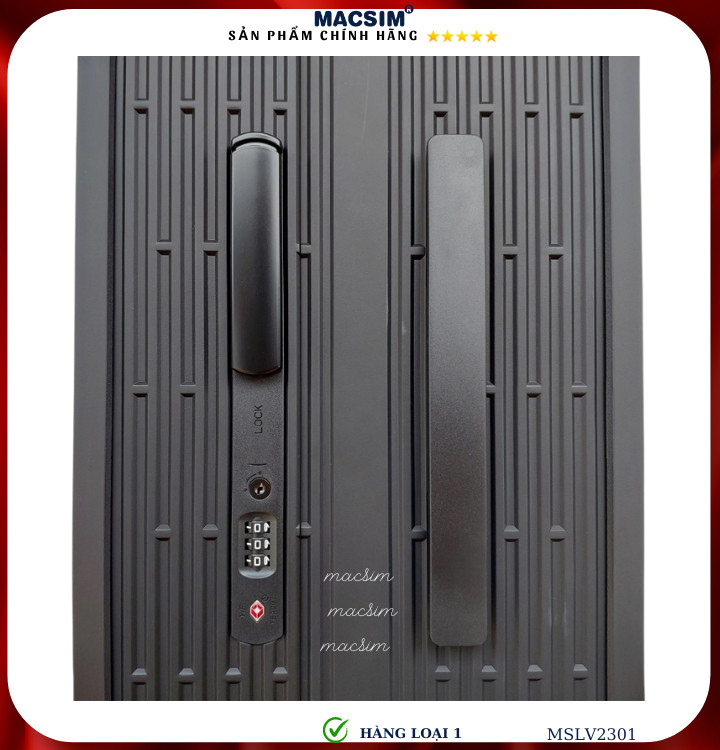 Vali cao cấp Macsim SMLV2301 cỡ  24inch màu đen - Hàng loại 1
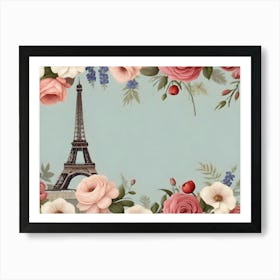 Paris France Eiffel Tower Space Eucalyptus Flowers Watercolor Art Nature Art Print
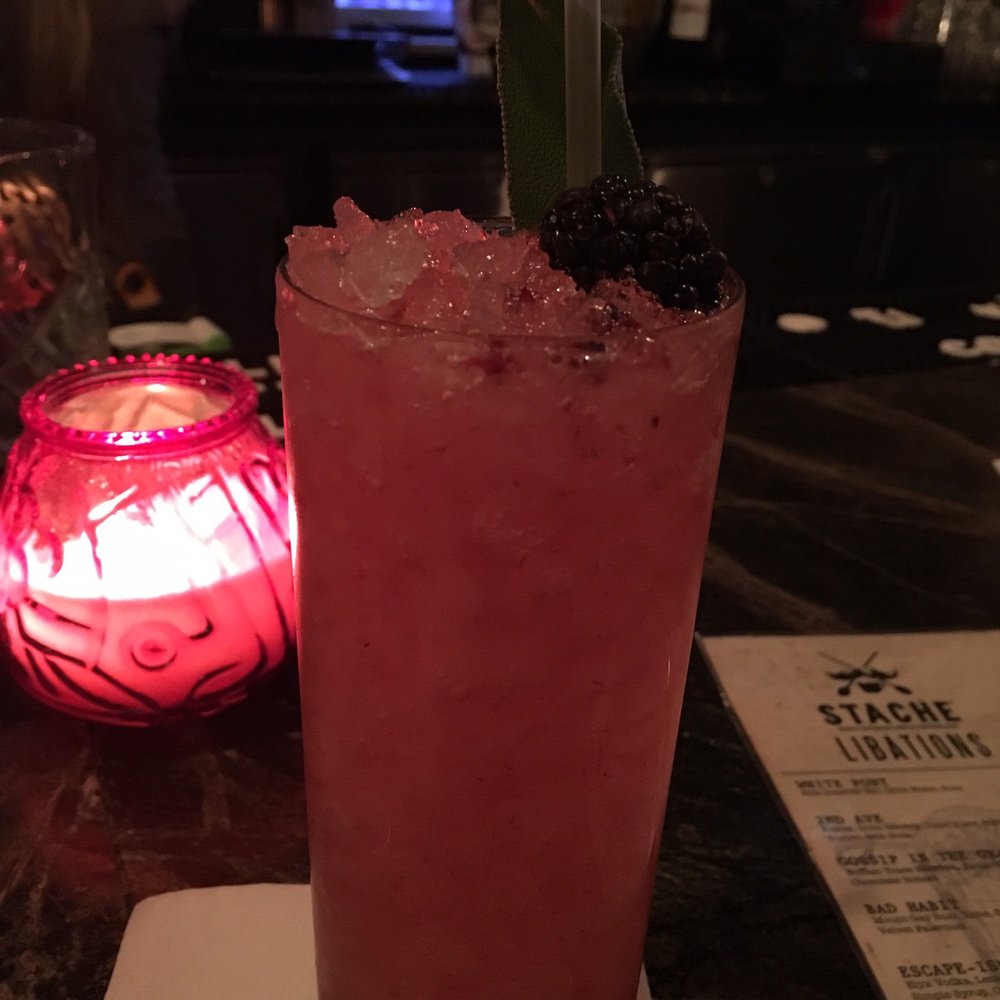 Next Muvement- blackberry, sage, vodka, lime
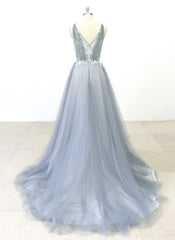 Elegant Gray Tulle Round Neck Beach Wedding Dress Jewel Sweep Train Bridal Gowns On Sale-27dress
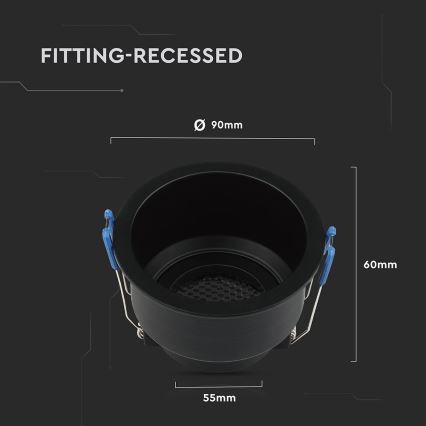 Inbouwspot GU10 Ø 9 cm zwart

*EXERCISE*
Set down all the data again exactly as above, pictures excluded.

*SOLUTION TO THIS TASK*
 Vali cao cấp Macsim SMLV2301 cỡ  24inch màu đen - Hàng loại 1
 Paris France Eiffel Tower Space Eucalyptus Flowers Watercolor Art Nature Art Print
 Next Muvement- blackberry, sage, vodka, lime
 Elegant Gray Tulle Round Neck Beach Wedding Dress Jewel Sweep Train Bridal Gowns On Sale-27dress
 Inbouwspot GU10 Ø 9 cm zwart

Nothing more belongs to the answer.